『しずくの首飾り』を読む(ことば2年、2021/10/20)

福西です。

『しずくの首飾り』(ジョーン・エイキン、猪熊葉子訳、岩波少年文庫)を読んでいます。

第5話「三人の旅人」を読みました。

「きみたちのねがいはかなったよ、おふたりさん。ぼくには一週間の休みをとるだけの貯金ができたんだ。スミスくんは信号で汽車をとめなさい。ブラウンくんはぼくのきっぷを切るんだ。そしたら、ぼくは汽車でいけるところまでいって、ちょっと世のなかを見てくるよ。」

なんとも味のいいセリフです。

教科書にも掲載され、エイキンの短編で一番有名な話だと思います。好きな方も多いのではないでしょうか。

クラスでは、一段落ずつ読み手を交代しているのですが、その交代のたびに、私を含めた三人の間で話が飛び交います。
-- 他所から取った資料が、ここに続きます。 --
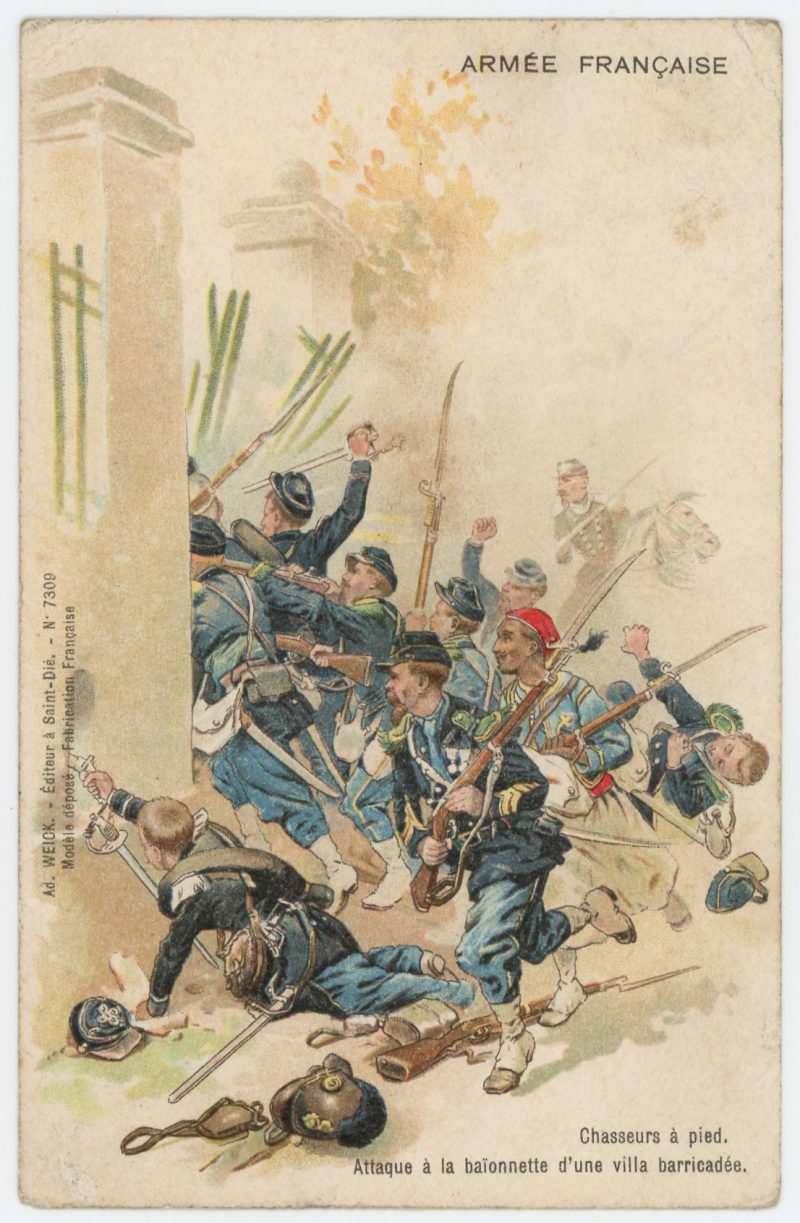 Carte Postale Illustrée - Infanterie Second Empire 1870 - Uniforme - Chasseurs - Turcos - Attaque a la baïonnette d'une villa barricadée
筋の見事な展開に対する讃嘆、登場人物の心の機微への共感、そして奇想天外な設定に対するツッコミが、お互いの言葉をきっかけに、連想ゲームのように浮かんでくるからです。

今回の物語では、その傾向がこれまで以上に強く現れ、ふつうなら一時間で読み終えるところを、三分の一だけ読みました。

それだけ密に読めることが、とてもうれしいです。

作者のエイキンも、きっとそれは喜んでくれているのではないかなと思います。